Généralement, on ne s’attend pas à être surpris par le scénario d’un jeu d’action. Au contraire, on en attend même rien. Celui de Katana Zero joue énormément sur des codes narratifs qu’on pourra par exemple retrouver dans certains animés japonais, tout en empruntant son thème principal à la guerre du Vietnam, ses clichés, sa conséquence sur la psyché de ses vétérans, notamment dans l’utilisation de drogues expérimentales en vue de créer le super soldat. Pour autant, malgré une narration à priori classique, il arrive que régulièrement le jeu prenne une certaine liberté créative pour se jouer de nous en faisant usage de glitchs graphiques et sonores.

En passant par toutes sortes de manipulation de l’image et en nous ôtant volontairement le contrôle par moment, il essaye de nous faire comprendre que jamais nous ne l’avions complètement, sans aucun doute pour signifier le sentiment de perdition dans lequel s’enfonce peu à peu notre protagoniste. La ligne séparant ce qu’il perçoit comme étant sa réalité et de possibles hallucinations est ainsi floutée sans que nous sachions en fin de compte ce qui était vrai ou ne l’était pas. La conclusion finale ne suffit d’ailleurs pas à répondre à toutes les questions, et c’est peut-être le seul blâme que j’aurai à lui formuler. Sa fin en appelle immédiatement à une suite ce qui ne plaira pas à tout le monde.

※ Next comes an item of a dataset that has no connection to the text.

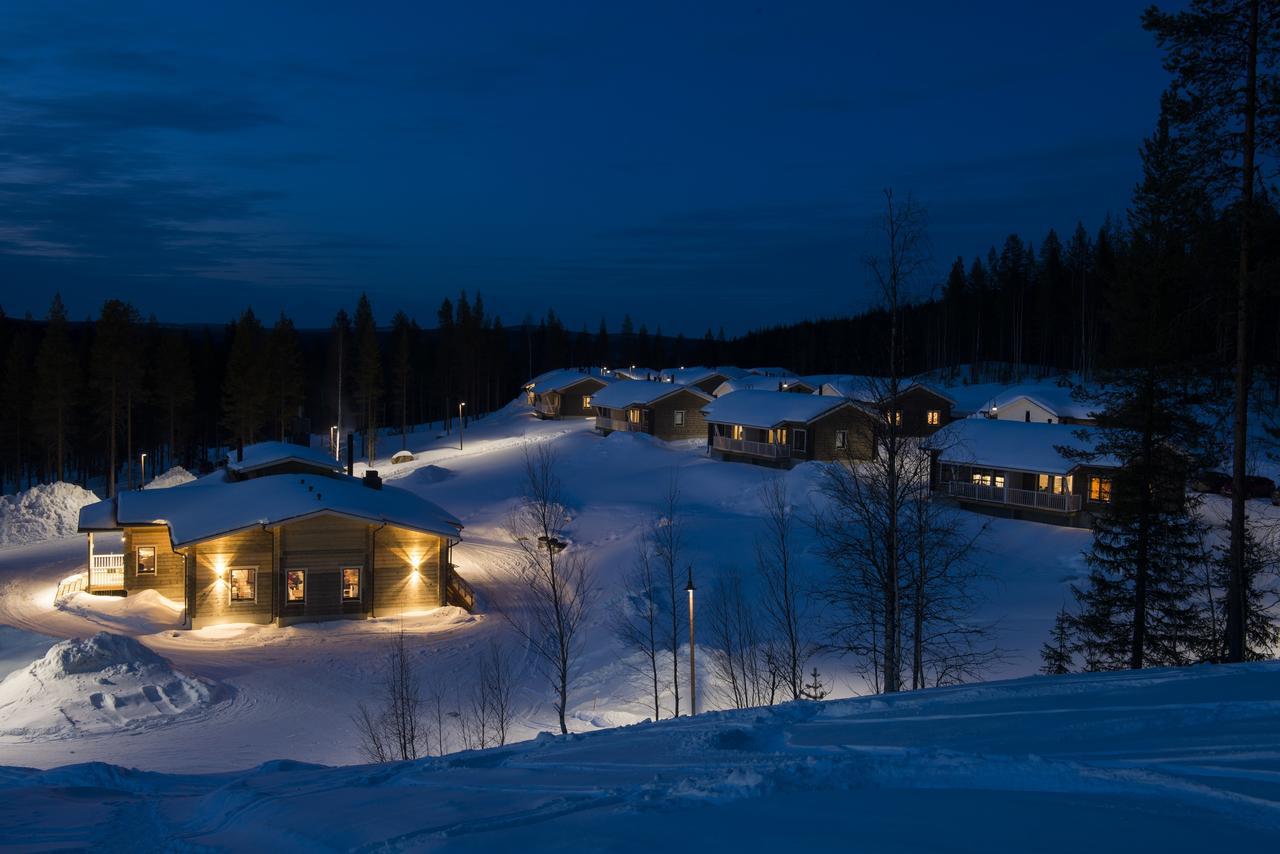 Valkea Arctic Lodge 펠로 외부 사진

Malgré ce bémol, Katana Zero se suffit à lui-même en l’état. Son expérience qui m’aura pris environ six heures – sa durée de vie variera plus ou moins selon les compétences de chacun – s’est trouvée largement satisfaisante. Sa force tient aussi dans la cohérence de son univers. Ses mécaniques de jeu font partie intégrante de l’histoire et seront expliquées peu à peu. Le principe du die&retry sur lequel il se repose est ainsi justifié dans le scénario et fait sens au bout du compte.

La réussite de Katana Zero est en fin de compte la somme de toutes ses qualités. Il ne révolutionne rien mais il fait bien les choses. Le gameplay est stimulant et souvent jouissif, un brin frustrant quand la difficulté augmente mais jamais injuste. Son rythme est très géré entre des scènes d’actions brèves et excitantes, et des moments de narration plus posés mais tout même intenses à leur manière en terme d’émotions. Un jeu en fin de compte aussi équilibré que la lame de son samouraï.